GE is targeting profit growth of 10 percent next year in its energy division, the company’s largest. Earnings this year should be about $7 billion, compared with last year’s $7.3 billion. Orders for gas-based power generation are rising and prices for renewable sources like wind, biogas and solar are stabilizing, GE said.
‘Closer to Inflection’
Chief Executive Officer Jeffrey Immelt is working to boost GE’s share of profit from industrial operations such as energy and shrink the percentage from GE Capital in part because investors value manufacturing companies more highly than finance.
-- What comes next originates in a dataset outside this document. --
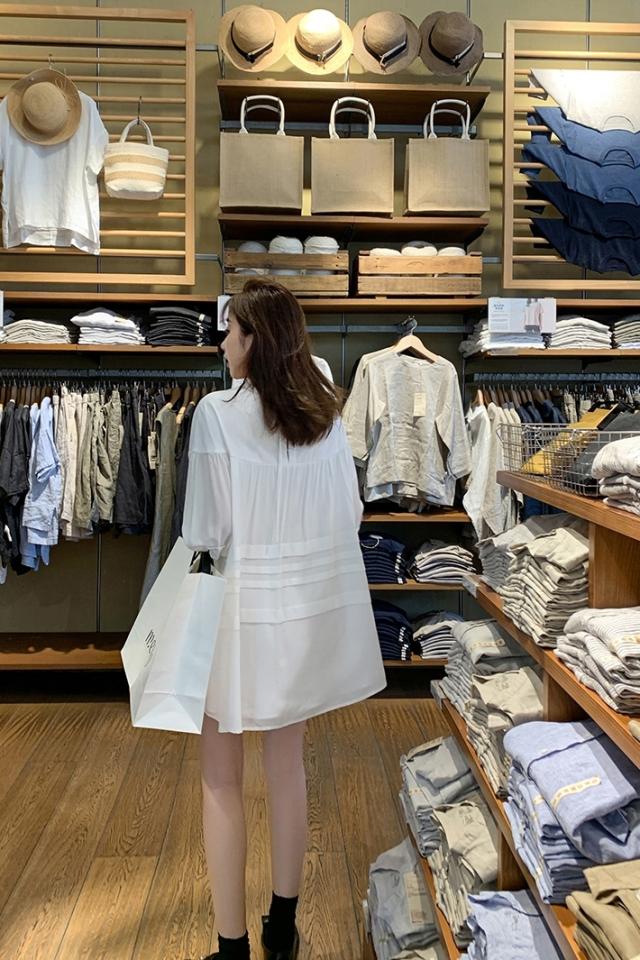 トップス ワンピース シャツ ブラウス プルオーバー チュニック 白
“As the focus continues to shift toward GE Industrial, this piece of the story is getting closer to inflection,” C. Stephen Tusa, a New York-based analyst with JPMorgan Chase & Co., wrote in a note to clients. Tusa cited a 2011 profit forecast that’s higher than JPMorgan’s $6.8 billion estimate and an “upbeat tone” on orders. He rates GE as “overweight.”
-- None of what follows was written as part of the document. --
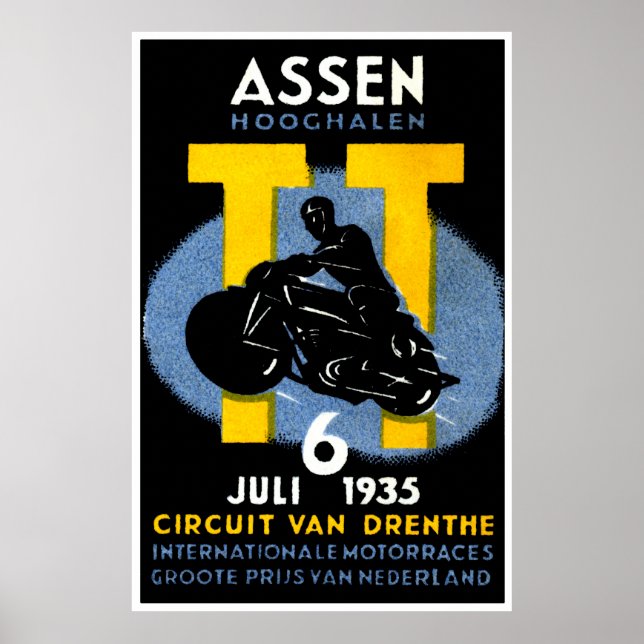 Motorcykel 1935 Internationell Tävling Poster (Framsidan)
GE fell 14 cents to $16.04 at 4:15 p.m. in New York Stock Exchange composite trading. The shares have dropped 12 percent this year, while the Standard & Poor’s 500 Index has declined 4.4 percent.
Should the global economy deteriorate, GE Energy’s customers are among the most stable because they include sovereign clients and utilities used to operating in difficult times, Krenicki said.
“In an ugly scenario we have a terrific set of customers,” he said.
GE Energy has a $51 billion service backlog and a $20 billion equipment backlog, increases of 4 percent and 9 percent, respectively, this year, according to the presentation.
Profit margins should bottom at 15 percent this year, down from about 19 percent in 2010, hurt by lower wind-turbine prices and acquisition costs, the company said. They should begin to improve in 2012, said Dan Janki, previously GE Energy’s chief financial officer and now head of the new GE Energy Management division.
GE plans to invest 4 percent to 5 percent of sales in new products, as the company seeks to tap demand equaling five times Saudi Arabia’s oil production and four times Russia’s natural-gas production in the next decade.
About 9 percent of this year’s GE Energy sales are from large gas turbines, down from 44 percent of $24 billion in revenue in 2002, executives said.
“We’re not the same business we were 10 years ago, we won’t be the same business four and five years from now,” Krenicki said.
In the past decade, GE Energy has made about 90 acquisitions and is batting “700 out of 1000,” Krenicki said. Its skill in integration will be applied to $12 billion in acquisitions made since October, particularly in its oil and gas division, which has risen to $14 billion in sales from $4 billion in 2004.
“We’re very good at taking businesses out of sick bay,” Krenicki said, citing the company’s acquisition of Enron Corp.’s wind-turbine unit out of bankruptcy in 2002. “Very few of the acquisitions we’ve done over the past 10 years was on fire. Everything we’ve made better, and that’s what we’re doing.”
GE Energy isn’t likely to spend the same amount in acquisitions in such a short time frame anytime soon, Krenicki told reporters after the meeting. The division doesn’t have a specific goal, he said.
“What’s more likely is kind of a more steady flow spread out amongst the businesses,” he said.